The node's IP address is172.16.0.32
in the examples below.Run the command from the directory containing CARINGO-CASTOR-MIB.txt.
Copy CARINGO-CASTOR-MIB.txt from the root directory of the USB flash drive or distribution to a local directory.Record the following passwords:
See Defining Swarm Admins, Swarm Users, and Swarm Passwords.
Change in snmpwalk
The 7.2 release changed the snmpwalk of the whole CASTOR MIB to make it skip several large, detailed tables in SNMP groups to protect cluster performance. Administrators must upgrade from CSN v6.5 to update the CSN reporter.
Create a targeted snmpwalk request if data from those skipped tables is needed. The snmp.getnextskips setting directs top-level snmpwalk to skip the groups and tables under the following: clusterConfig, responseHistogramTable, hp, clusterdata, indexer, configVariableTable, castorFeeds, feedVolTable, performance, recoveryTable
SNMP walk (snmpwalk) of all Swarm values on a node:
snmpwalk -v 2c -c read-only-password -m +./CARINGO-CASTOR-MIB.txt 172.16.0.32 caringo
Request for a specific SNMP variable from a Swarm node:
snmpget -v 2c -c read-only-password -m +./CARINGO-CASTOR-MIB.txt 172.16.0.32 reads
Set request to shut down a Swarm node:
snmpset -v 2c -c read-write-password -m +./CARINGO-CASTOR-MIB.txt 172.16.0.32
castorShutdownAction s shutdown CARINGO-CASTOR-MIB::castorShutdownAction = STRING: "shutdown"
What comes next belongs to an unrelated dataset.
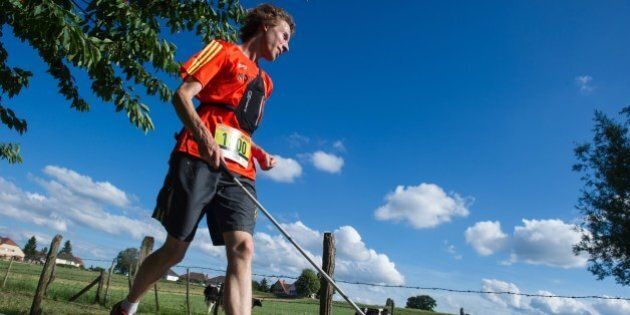 Clement Gass, who is nearly blind, runs the 26 km 'trail of Kochersberg' with a white cane and a GPS device using voice navigation in Quatzenheim, eastern France, on June 13, 2015. Gass, 27, ran the trail along with 219 other participants without the assistance of another athlete. AFP PHOTO / SEBASTIEN BOZON (Photo credit should read SEBASTIEN BOZON/AFP/Getty Images)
Set request to change the cluster's sleepAfter
setting to 7260 seconds (121 minutes):
SNMP Action OIDs
The "action" OIDs in Swarm are the SNMP objects affecting the operation of a node or the cluster.
Important
The action is recommended to be written to a single node to allow updates to the persisted settings UUID from a single node to prevent conflicts for cluster-level parameters such as volumeRecoverySuspend.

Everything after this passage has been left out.